Нет, все-таки я должна написать об этом, хоть и месяц спустя. «Сиротливый запад» был полуудачной попыткой культурного обогащение/просвещения/просто приятного вечера. Я искренне полагала, что на сцене Комиссаржевки «почти комедия» будет зрелищем достойным, лиричным, добрым и т.д.
Спектакль открывался инфернальной картиной: под оглушающий вой сирен четыре странные монахини с фарфоровыми лицами синхронно вырывали страницы из телефонных справочников, совершали над ними некие загадочные манипуляции – посыпали мукой, поливали водой. Они словно бы перемалывали чужие судьбы, эти жутковатые гротескные норны в монашеских рясах - и все это под адские завывания сигналов об артобстреле.
Само действие, к счастью не сопровождавшееся столь «изысканным» аудиофоном, по уровню культурки – вот именно культурки – походило на «Нашу Рашу»: два бомжеобразных персонажа перебрёхивались их своих фанерных комнат-ящиков, употребляя выражения, едва ли допустимые на подмостках, особенно в театре с традициями. Половина зрителей покинула зал, не дожидаясь антракта, менее чувствительные выдержали чуть дольше. Те, кто честно попытался вникнуть в смысл активного обмена пейоративными выражениями, стали свидетелями следующей драмы.
Герои – братья Коннор, жители ирландской глубинки, терпеть друг друга не могут, поэтому любая мелочь – вплоть до цвета кухонной плиты и наличия бороздок на чипсах – вызывает между ними бурную перепалку.

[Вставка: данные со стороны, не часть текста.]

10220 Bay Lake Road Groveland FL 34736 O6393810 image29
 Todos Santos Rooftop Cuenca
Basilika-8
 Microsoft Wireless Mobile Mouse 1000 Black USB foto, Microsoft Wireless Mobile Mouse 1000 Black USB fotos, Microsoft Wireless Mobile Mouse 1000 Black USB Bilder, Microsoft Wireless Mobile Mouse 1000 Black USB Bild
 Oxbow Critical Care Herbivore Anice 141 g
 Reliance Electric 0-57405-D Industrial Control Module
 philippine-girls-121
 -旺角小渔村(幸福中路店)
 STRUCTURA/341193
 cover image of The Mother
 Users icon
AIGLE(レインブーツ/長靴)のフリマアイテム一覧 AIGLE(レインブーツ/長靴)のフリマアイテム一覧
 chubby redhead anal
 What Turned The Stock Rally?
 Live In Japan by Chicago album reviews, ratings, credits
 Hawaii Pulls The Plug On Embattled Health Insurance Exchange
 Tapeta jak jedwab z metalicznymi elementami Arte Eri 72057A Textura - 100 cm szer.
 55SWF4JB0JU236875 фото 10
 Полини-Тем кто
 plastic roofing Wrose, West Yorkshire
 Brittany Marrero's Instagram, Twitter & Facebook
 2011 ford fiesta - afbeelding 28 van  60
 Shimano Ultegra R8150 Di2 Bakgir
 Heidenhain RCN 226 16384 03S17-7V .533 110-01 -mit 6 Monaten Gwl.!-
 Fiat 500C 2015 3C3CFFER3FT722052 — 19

Братья являют собой классическую пару: большой тихоня Коулмен, у которого в голове водятся неизвестно какие дьяволы, и мелкий задира Вален, у которого что на уме – то на языке. Их дуэт дополняют малолетняя представительница некой агрессивной субкультуры Герлен, чудо в драных колготках, и пастор Уэлш, тщетно вопиющий в этом аду сквернословия, алкоголизма, распущенности и безысходности о моральных ценностях и добродетели.
При всей пошлости и сумбурности внешнего, глубинный слой постановки достоин внимания и размышлений. Когда персонажи, каждый в свой момент, перестают паясничать, затронутые проповедями – да что там, воплями отчаяния – Уэлша, и по-своему, пусть грубо, упрощенно и обыденно трактуют огромные проблемы – в этом есть что-то почти трогательное. Когда они рассуждают о вере, о посмертной судьбе душе, о соотношении жизни со всеми ее тяготами с освобождающей, но забирающей самое ценное смертью – в такие моменты откровенности они становятся похожи на непослушных, но тем не менее чистых и честных детей. Да, они грязны снаружи – но это лучше, чем грязь внутри. Вся их циничность и грубость – наносная, это защитный панцирь, предохраняющий их от личного и всеобщего одиночества, от «сиротливости». Приобретенная в ходе эволюции наклонность, помогающая выжить в удушающем болоте бесконечного быта. Механизм, так и не развившийся у бедняги Уэлша, покончившего с собой.
В общем, не рубите сплеча, когда речь идет о постановках и людях. В результате они могут оказаться гораздо лучше, чем показались на первый взгляд.